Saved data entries
▬▬▬▬▬▬▬▬▬▬
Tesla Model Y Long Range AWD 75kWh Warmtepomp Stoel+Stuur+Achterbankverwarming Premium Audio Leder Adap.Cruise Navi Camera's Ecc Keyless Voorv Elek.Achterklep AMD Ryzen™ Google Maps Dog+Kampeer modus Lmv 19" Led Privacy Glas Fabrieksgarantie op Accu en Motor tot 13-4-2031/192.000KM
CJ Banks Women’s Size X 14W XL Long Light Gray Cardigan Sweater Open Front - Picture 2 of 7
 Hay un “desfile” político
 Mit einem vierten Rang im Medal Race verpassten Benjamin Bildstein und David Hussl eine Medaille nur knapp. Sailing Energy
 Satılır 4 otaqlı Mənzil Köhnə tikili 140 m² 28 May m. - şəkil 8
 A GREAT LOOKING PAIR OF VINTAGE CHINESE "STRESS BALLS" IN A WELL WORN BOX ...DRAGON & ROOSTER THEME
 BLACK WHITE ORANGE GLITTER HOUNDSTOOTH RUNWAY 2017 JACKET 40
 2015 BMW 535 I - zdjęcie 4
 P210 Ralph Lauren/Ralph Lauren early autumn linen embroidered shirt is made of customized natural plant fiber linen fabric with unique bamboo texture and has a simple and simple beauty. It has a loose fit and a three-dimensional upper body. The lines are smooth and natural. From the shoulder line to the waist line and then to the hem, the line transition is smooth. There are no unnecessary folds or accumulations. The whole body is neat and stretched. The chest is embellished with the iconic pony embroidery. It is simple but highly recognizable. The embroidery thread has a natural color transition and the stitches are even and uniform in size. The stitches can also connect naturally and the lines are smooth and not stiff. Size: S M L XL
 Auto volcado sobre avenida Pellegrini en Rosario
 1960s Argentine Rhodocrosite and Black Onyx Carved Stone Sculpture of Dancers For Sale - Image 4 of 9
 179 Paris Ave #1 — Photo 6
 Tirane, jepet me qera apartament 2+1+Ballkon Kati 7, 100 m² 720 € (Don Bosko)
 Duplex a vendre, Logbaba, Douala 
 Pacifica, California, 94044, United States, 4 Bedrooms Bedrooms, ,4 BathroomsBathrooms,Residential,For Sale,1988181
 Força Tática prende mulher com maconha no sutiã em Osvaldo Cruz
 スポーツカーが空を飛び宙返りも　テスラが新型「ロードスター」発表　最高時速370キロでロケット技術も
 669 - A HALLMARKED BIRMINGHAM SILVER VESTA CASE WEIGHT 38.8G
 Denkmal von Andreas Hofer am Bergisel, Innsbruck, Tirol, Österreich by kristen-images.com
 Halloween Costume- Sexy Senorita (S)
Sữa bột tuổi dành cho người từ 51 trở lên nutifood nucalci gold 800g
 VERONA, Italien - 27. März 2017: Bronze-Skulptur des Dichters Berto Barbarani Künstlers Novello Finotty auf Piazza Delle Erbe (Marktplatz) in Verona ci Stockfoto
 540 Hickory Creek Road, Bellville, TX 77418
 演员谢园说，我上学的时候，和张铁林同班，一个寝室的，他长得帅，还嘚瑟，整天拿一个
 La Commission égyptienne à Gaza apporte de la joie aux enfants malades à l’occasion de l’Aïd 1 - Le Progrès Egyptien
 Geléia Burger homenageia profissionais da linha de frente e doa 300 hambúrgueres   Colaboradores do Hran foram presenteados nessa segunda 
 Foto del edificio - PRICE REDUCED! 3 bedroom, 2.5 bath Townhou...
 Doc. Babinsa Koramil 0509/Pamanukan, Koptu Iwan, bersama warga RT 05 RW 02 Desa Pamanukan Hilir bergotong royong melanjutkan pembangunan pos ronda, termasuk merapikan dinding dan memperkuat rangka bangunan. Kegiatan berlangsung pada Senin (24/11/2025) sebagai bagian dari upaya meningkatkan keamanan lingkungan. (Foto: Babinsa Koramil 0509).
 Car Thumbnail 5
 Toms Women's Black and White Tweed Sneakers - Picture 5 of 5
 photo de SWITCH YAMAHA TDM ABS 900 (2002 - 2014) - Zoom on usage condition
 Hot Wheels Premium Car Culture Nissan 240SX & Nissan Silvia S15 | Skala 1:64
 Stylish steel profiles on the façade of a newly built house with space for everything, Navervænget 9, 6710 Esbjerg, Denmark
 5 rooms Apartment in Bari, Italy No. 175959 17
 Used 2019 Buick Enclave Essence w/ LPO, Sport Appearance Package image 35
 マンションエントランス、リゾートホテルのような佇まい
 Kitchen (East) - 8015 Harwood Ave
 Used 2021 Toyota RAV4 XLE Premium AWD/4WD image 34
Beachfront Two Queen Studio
▬▬▬▬▬▬▬▬▬▬
What the task requires:
Each line above needs to be written out again exactly.

Exercise result:
Tesla Model Y Long Range AWD 75kWh Warmtepomp Stoel+Stuur+Achterbankverwarming Premium Audio Leder Adap.Cruise Navi Camera's Ecc Keyless Voorv Elek.Achterklep AMD Ryzen™ Google Maps Dog+Kampeer modus Lmv 19" Led Privacy Glas Fabrieksgarantie op Accu en Motor tot 13-4-2031/192.000KM
CJ Banks Women’s Size X 14W XL Long Light Gray Cardigan Sweater Open Front - Picture 2 of 7
 Hay un “desfile” político
 Mit einem vierten Rang im Medal Race verpassten Benjamin Bildstein und David Hussl eine Medaille nur knapp. Sailing Energy
 Satılır 4 otaqlı Mənzil Köhnə tikili 140 m² 28 May m. - şəkil 8
 A GREAT LOOKING PAIR OF VINTAGE CHINESE "STRESS BALLS" IN A WELL WORN BOX ...DRAGON & ROOSTER THEME
 BLACK WHITE ORANGE GLITTER HOUNDSTOOTH RUNWAY 2017 JACKET 40
 2015 BMW 535 I - zdjęcie 4
 P210 Ralph Lauren/Ralph Lauren early autumn linen embroidered shirt is made of customized natural plant fiber linen fabric with unique bamboo texture and has a simple and simple beauty. It has a loose fit and a three-dimensional upper body. The lines are smooth and natural. From the shoulder line to the waist line and then to the hem, the line transition is smooth. There are no unnecessary folds or accumulations. The whole body is neat and stretched. The chest is embellished with the iconic pony embroidery. It is simple but highly recognizable. The embroidery thread has a natural color transition and the stitches are even and uniform in size. The stitches can also connect naturally and the lines are smooth and not stiff. Size: S M L XL
 Auto volcado sobre avenida Pellegrini en Rosario
 1960s Argentine Rhodocrosite and Black Onyx Carved Stone Sculpture of Dancers For Sale - Image 4 of 9
 179 Paris Ave #1 — Photo 6
 Tirane, jepet me qera apartament 2+1+Ballkon Kati 7, 100 m² 720 € (Don Bosko)
 Duplex a vendre, Logbaba, Douala 
 Pacifica, California, 94044, United States, 4 Bedrooms Bedrooms, ,4 BathroomsBathrooms,Residential,For Sale,1988181
 Força Tática prende mulher com maconha no sutiã em Osvaldo Cruz
 スポーツカーが空を飛び宙返りも　テスラが新型「ロードスター」発表　最高時速370キロでロケット技術も
 669 - A HALLMARKED BIRMINGHAM SILVER VESTA CASE WEIGHT 38.8G
 Denkmal von Andreas Hofer am Bergisel, Innsbruck, Tirol, Österreich by kristen-images.com
 Halloween Costume- Sexy Senorita (S)
Sữa bột tuổi dành cho người từ 51 trở lên nutifood nucalci gold 800g
 VERONA, Italien - 27. März 2017: Bronze-Skulptur des Dichters Berto Barbarani Künstlers Novello Finotty auf Piazza Delle Erbe (Marktplatz) in Verona ci Stockfoto
 540 Hickory Creek Road, Bellville, TX 77418
 演员谢园说，我上学的时候，和张铁林同班，一个寝室的，他长得帅，还嘚瑟，整天拿一个
 La Commission égyptienne à Gaza apporte de la joie aux enfants malades à l’occasion de l’Aïd 1 - Le Progrès Egyptien
 Geléia Burger homenageia profissionais da linha de frente e doa 300 hambúrgueres   Colaboradores do Hran foram presenteados nessa segunda 
 Foto del edificio - PRICE REDUCED! 3 bedroom, 2.5 bath Townhou...
 Doc. Babinsa Koramil 0509/Pamanukan, Koptu Iwan, bersama warga RT 05 RW 02 Desa Pamanukan Hilir bergotong royong melanjutkan pembangunan pos ronda, termasuk merapikan dinding dan memperkuat rangka bangunan. Kegiatan berlangsung pada Senin (24/11/2025) sebagai bagian dari upaya meningkatkan keamanan lingkungan. (Foto: Babinsa Koramil 0509).
 Car Thumbnail 5
 Toms Women's Black and White Tweed Sneakers - Picture 5 of 5
 photo de SWITCH YAMAHA TDM ABS 900 (2002 - 2014) - Zoom on usage condition
 Hot Wheels Premium Car Culture Nissan 240SX & Nissan Silvia S15 | Skala 1:64
 Stylish steel profiles on the façade of a newly built house with space for everything, Navervænget 9, 6710 Esbjerg, Denmark
 5 rooms Apartment in Bari, Italy No. 175959 17
 Used 2019 Buick Enclave Essence w/ LPO, Sport Appearance Package image 35
 マンションエントランス、リゾートホテルのような佇まい
 Kitchen (East) - 8015 Harwood Ave
 Used 2021 Toyota RAV4 XLE Premium AWD/4WD image 34
Beachfront Two Queen Studio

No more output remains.